Wednesday, 12th June 2019 Posted 7 years ago in Big Data/Analytics-as-a-Service Data Analytics Infrastructure by Phil Alsop

The GridGain Data Lake Accelerator boosts data lake access by providing bi-directional integration with Apache™ Hadoop^®. This integration brings the historical data into the same in-memory computing layer as the operational data, enabling real-time analytics and computing on the combined data to drive real-time business processes. It leverages the GridGain Unified API and native Apache Spark™ connector to power real-time HTAP (hybrid transactional/analytical processing) in which transactions and analytics are performed on the same operational dataset.
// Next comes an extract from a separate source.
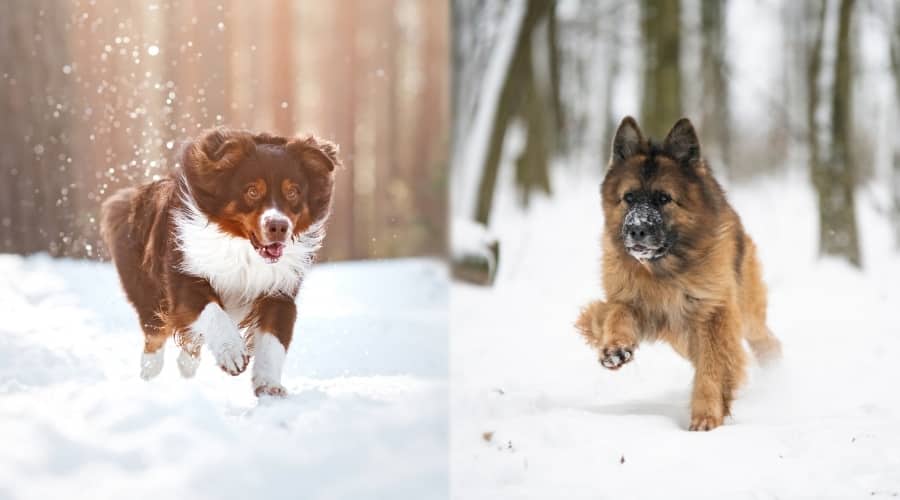 Two Long Haired Healthy Dogs Exercising in Snow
“Many of today’s digital transformation and IoT use cases require real-time analytics against a combination of data lake and operational data,” said Abe Kleinfeld, president and CEO of GridGain. “The GridGain Data Lake Accelerator addresses the requirements of today’s businesses to gain instant insight, capitalize on opportunities as they arise and automate decision making.”
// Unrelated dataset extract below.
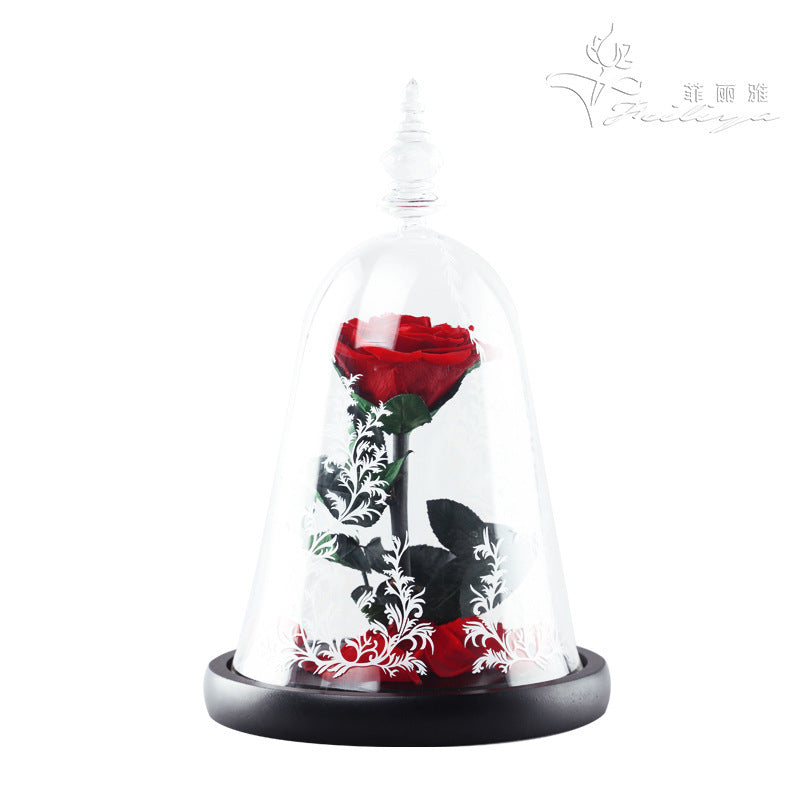 Rose Dome – Beauty & the Bloom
“Many companies have created Hadoop-based data lakes with a view to consolidating data from multiple data sources and serving the processing and analytics needs of multiple use-cases, but have then struggled to generate the expected value,” said Matt Aslett, Research VP, Data, AI and Analytics, 451 Research. “By bringing its in-memory compute functionality to the data lake, GridGain is providing an option for accelerating access to historical and live data to support real-time decision-making.”

Typical use cases for the GridGain Data Lake Accelerator include using historical data to enrich real-time data streams, calculating thresholds for real-time operational triggers from historical trends, and displaying historical and real-time data together in operational dashboards. For example, a transportation company might be collecting a continuous stream of data from its vehicle engines. The data is ingested, processed and analyzed and then stored in a data lake, with only the most recent data retained in the operational data store. When an anomalous reading in the live data triggers an alert for a particular engine, the system needs to analyze the engine data to identify the root cause of the problem. An infrastructure powered by GridGain’s in-memory computing platform, Kafka, Spark and Hadoop makes this possible. Apache Kafka feeds the live streaming data to the GridGain in-memory computing platform and to the Hadoop data lake. Spark retrieves the required data from the data lake and delivers it to the in-memory computing platform. The GridGain in-memory computing platform maintains the combined data set in memory and runs real-time queries across the data set. The result is deep and immediate insight into the causes of the anomalous reading.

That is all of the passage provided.